• _Assigned task_
Set down the data again exactly. Pictures are not part of the copy.

----- Data excerpt -----

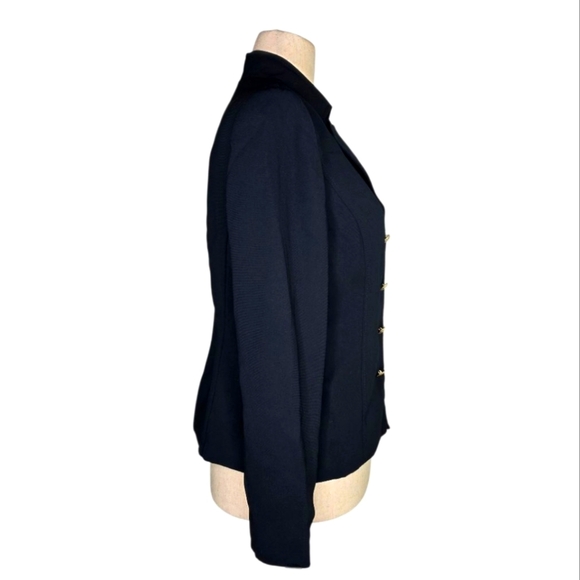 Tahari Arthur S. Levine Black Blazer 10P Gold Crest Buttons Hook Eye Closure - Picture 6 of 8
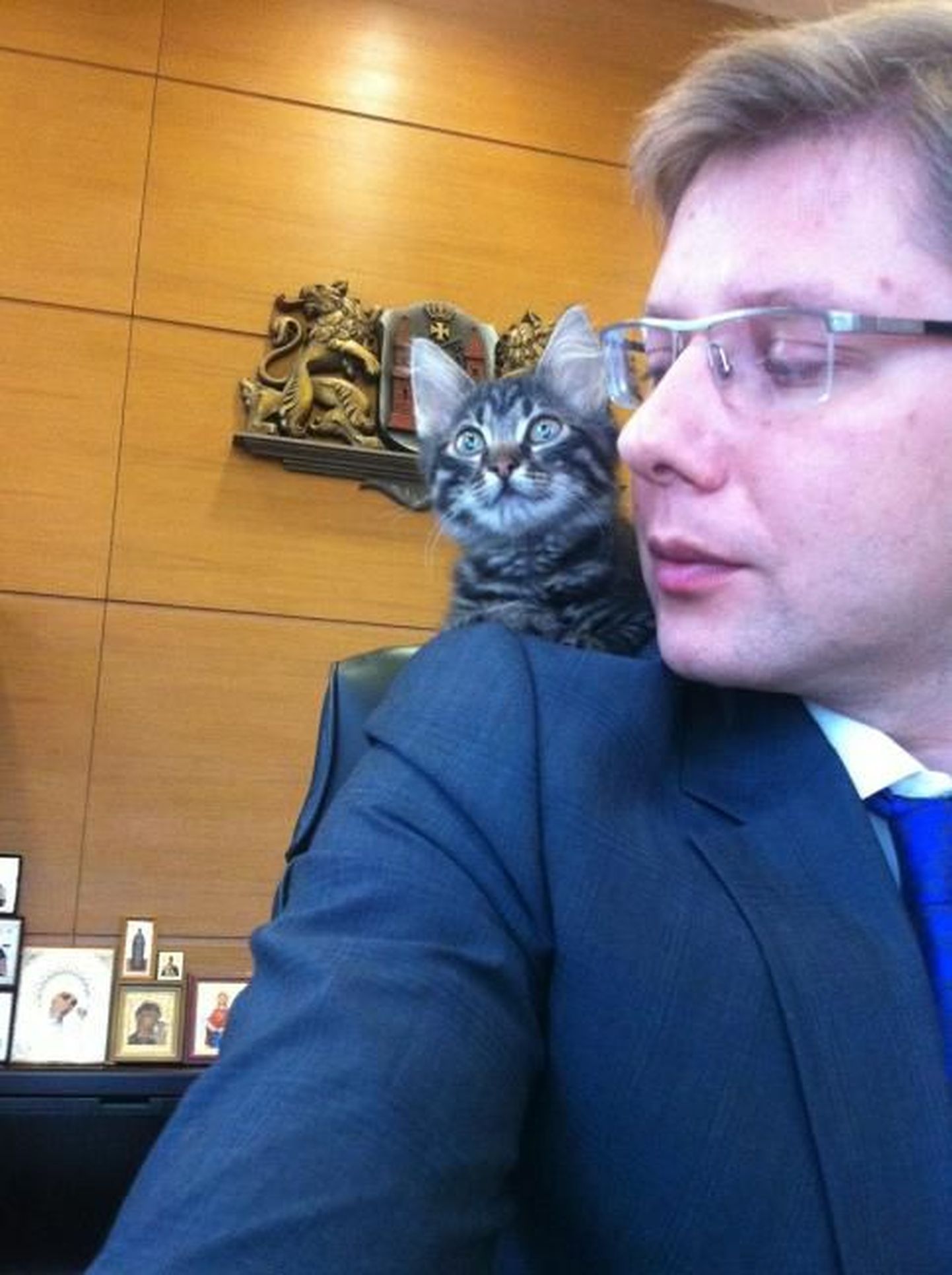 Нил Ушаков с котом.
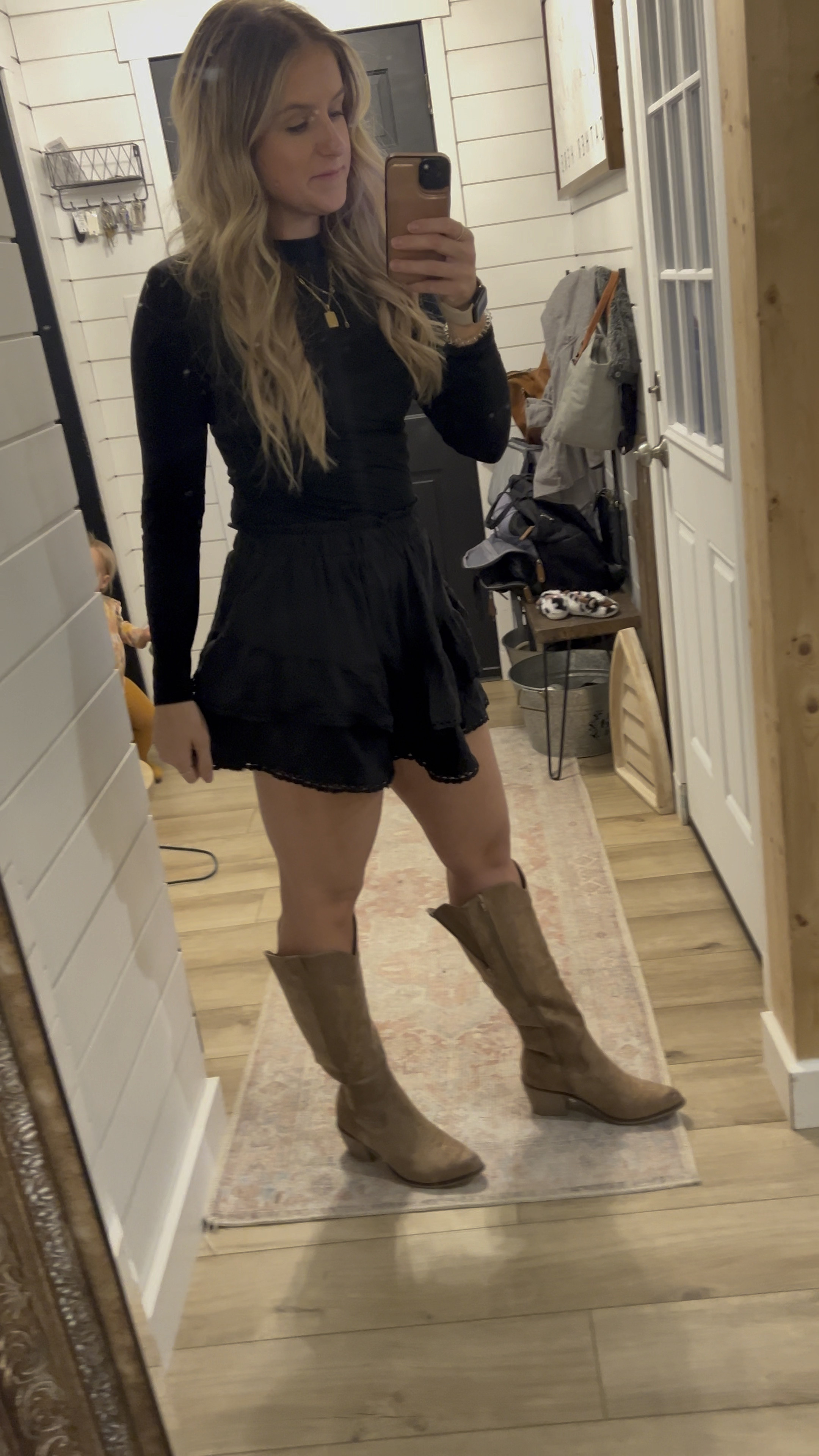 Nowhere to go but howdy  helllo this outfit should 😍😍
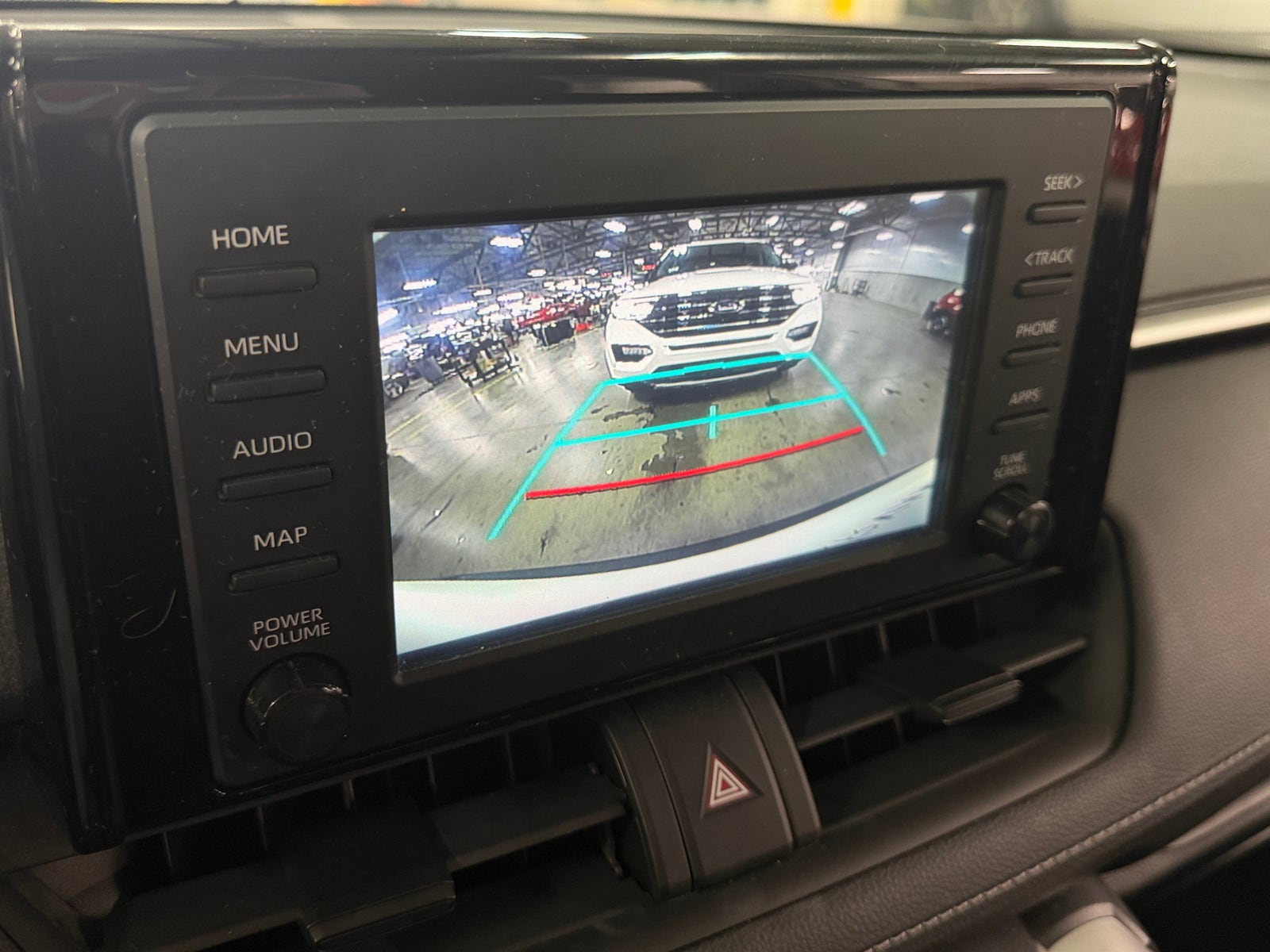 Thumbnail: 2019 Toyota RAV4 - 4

-----

• _Completed task_
 Tahari Arthur S. Levine Black Blazer 10P Gold Crest Buttons Hook Eye Closure - Picture 6 of 8
 Нил Ушаков с котом.
 Nowhere to go but howdy  helllo this outfit should 😍😍
 Thumbnail: 2019 Toyota RAV4 - 4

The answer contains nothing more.